Le site de Mane (04), lui, propose uniquement des modules courts (des stages d'une à deux semaines pour le grand public ou les professionnels) et la formation d'Ouvrier professionnel en éco-construction. À Meyrargues (13), seule celle d'Ouvrier professionnel en restauration du patrimoine est dispensée. « Ce découpage s'est fait en fonction du territoire et de la réalité de l'emploi,témoigne Pierre Sallé, le directeur de la formation du Gabion. Historiquement, dans les territoires de Haute-Provence autour de Forcalquier et Mane, il y a une forte sensibilité à l'éco-construction. Celle-ci résulte des suites de mai 1968 : beaucoup de villages ont alors été abandonnés, puis repris par des collectifs ou des associations qui les ont redynamisés. »

Dans ce secteur, les chantiers en éco-construction sont plus nombreux qu'ailleurs. À Meyrargues, la formation est axée sur la restauration du patrimoine, « parce qu'il y a beaucoup de demandes en ce sens-là en terme d'embauches autour d'Aix-en-Provence », ajoute-t-il. 

Au sein d'une même formation, l'enseignement est aussi orienté en fonction du contexte territorial. Ainsi, en restauration du patrimoine à Meyrargues, l'accent est mis sur les toitures en tuile canal alors qu'à Embrun, en territoire alpin, ce sont les couvertures en ardoise et en bac acier qui seront étudiées.La cohérence de la formation avec le territoire est un réel état d'esprit au Gabion. Il n'y a pas de formateur intégré, le centre fait toujours appel aux artisans locaux. Selon Pierre Sallé, « Cela nous permet d'avoir des formations qui collent aux réalités de chantier, aux demandes et aux exigences du territoire. »


INTERVIEW

CAMILLE MELQUIOND : « Nous revendiquons une approche environnementale et sociale du bâtiment »

 

Camille Melquiond est coordinatrice nationale de la Fédération Éco- construire qui regroupe 14 organismes de formation dédiés.

Propos recueillis par VG

Quels sont les enjeux, les objectifs de la fédération ?

Notre objectif est de représenter nos membres, quatorze organismes de formation. Mais aussi de les soutenir, notamment en ce qui concerne l’harmonisation des bonnes pratiques de formation, les évolutions réglementaires, de mutualiser les démarches qualité. Il s’agit aussi de faire reconnaître les formations à l’éco-construction. Certains membres de la fédération se sont réunis pour créer un titre qui a été reconnu l’année dernière, celui d’Ouvrier professionnel en éco-construction. Cela permet d’accréditer les compétences de nos organismes de formation mais aussi de créer et de faire reconnaître des diplômes nationaux. 

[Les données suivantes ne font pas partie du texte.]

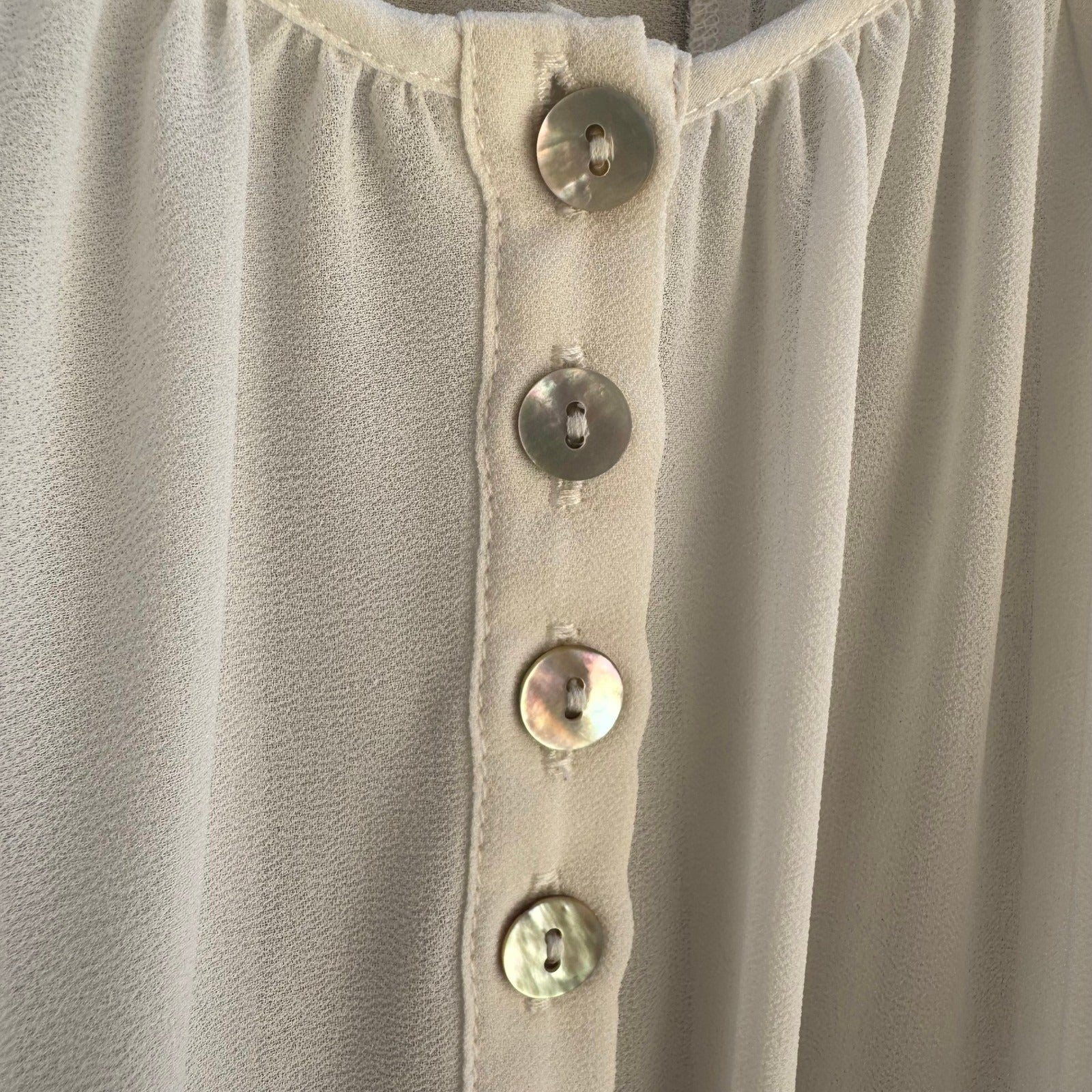 Ethereal Cream Airy Sheer Peasant Blouse Chiffon Tie Hem Boho Coastal Romantic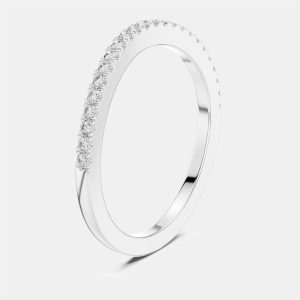 0.2 ct Side Stack Round Cut 18k White Gold Lab Grown Diamond Ring Size 53, Rings - Luxury Closet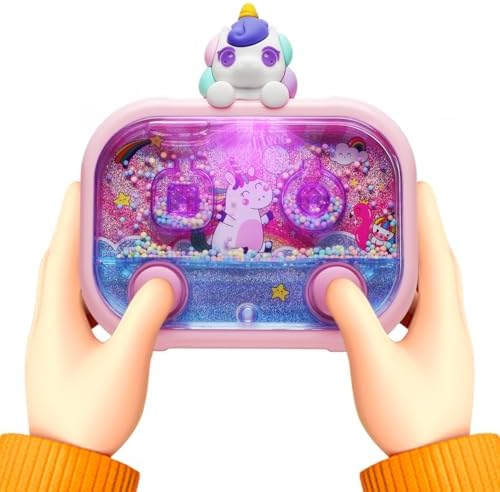 Handheld Water Game with Light – Water Ball Target Toy for Kids Ages 3+, Retro Fidget Toy, Screen-Free Car Travel Game, Road Trip Toy, Airplane Entertainment, Portable Autism-Friendly Gift by Givzan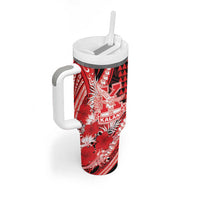 Personalised Hawaii Kalani High School Tumbler With Handle Tribal Tattoo With Hibiscus Flowers LT05 - Polynesian Pride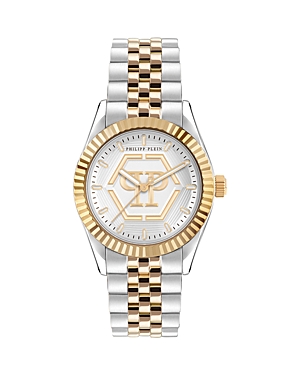 Shop Philipp Plein Date Superlative Watch, 38mm In Silver/two-tone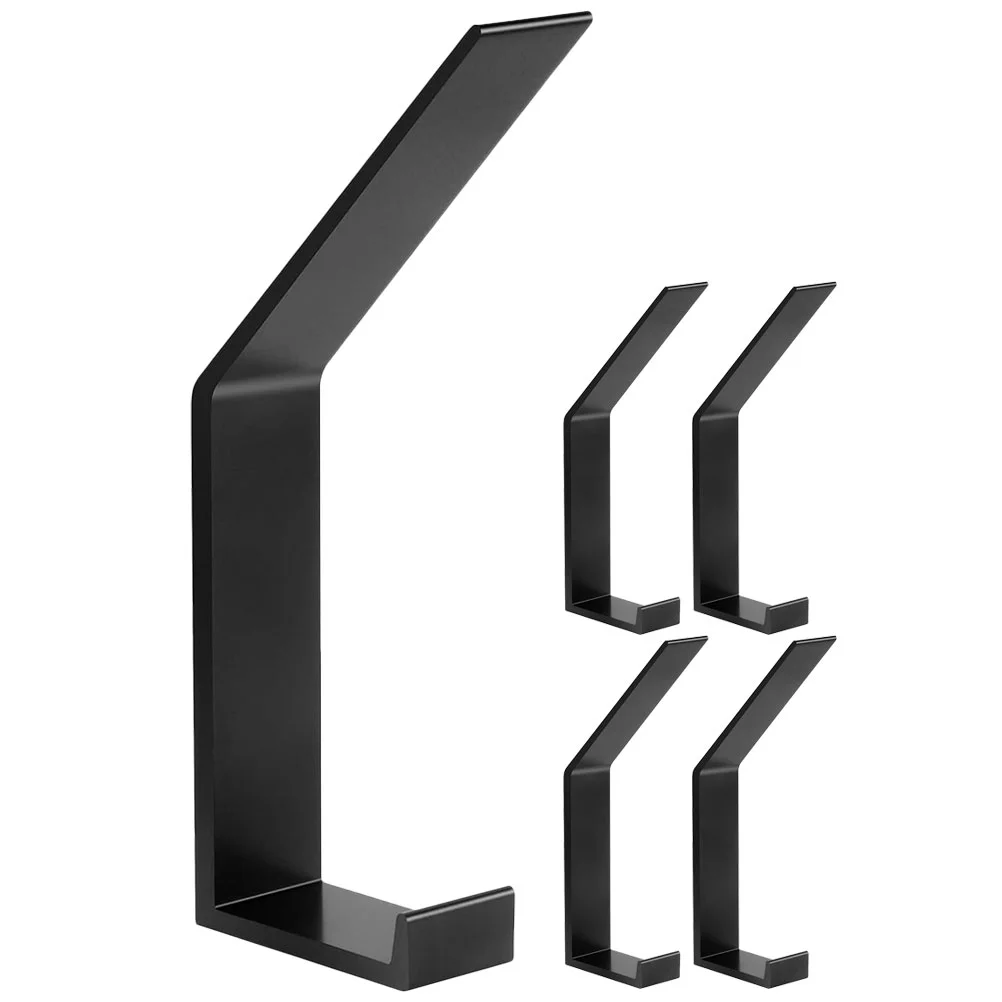 

5 Pcs Aluminum Hat Hanger Towel Hook Wall-mounted Double-end Hanging Coat Hooks Alloy Clothes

Qui sont les apprenants, des professionnels, des particuliers ?

En 2016, 37 % des stagiaires étaient des salariés, 34 % des demandeurs d’emploi, 21 % des artisans et 8 % des particuliers. Cette répartition s’explique car les organismes de formation de la fédération développent principalement des formations professionnelles donnant accès à un diplôme ou à une certification. 

Quelles sont les formations les plus demandées actuellement ?

Le titre d’Ouvrier professionnel en éco-construction est très demandé. Il s’agit d’une formation assez généraliste au cours de laquelle on aborde différents corps de métier. Elle correspond à l’approche de l’éco-construction qui sous-entend une analyse et une vision globale depuis la fabrication des matériaux jusqu’à leur usage dans une démarche environnementale.

Quelle est la place des femmes dans ces formations ?

La fédération oeuvre avec une vigilance particulière pour le respect de l’égalité homme/femme dans le secteur du bâtiment. Nos organismes de formation revendiquent une approche globale du bâtiment, donc une approche environnementale mais aussi sociale. Lorsqu’ils recrutent des stagiaires, ils portent une attention particulière à l’ouverture de ces formations du bâtiment aux femmes. Un exemple : on impose qu’au sein du jury d’examen du titre d’Ouvrier professionnel, composé de professionnels et de salariés du bâtiment, il y ait une part de femmes.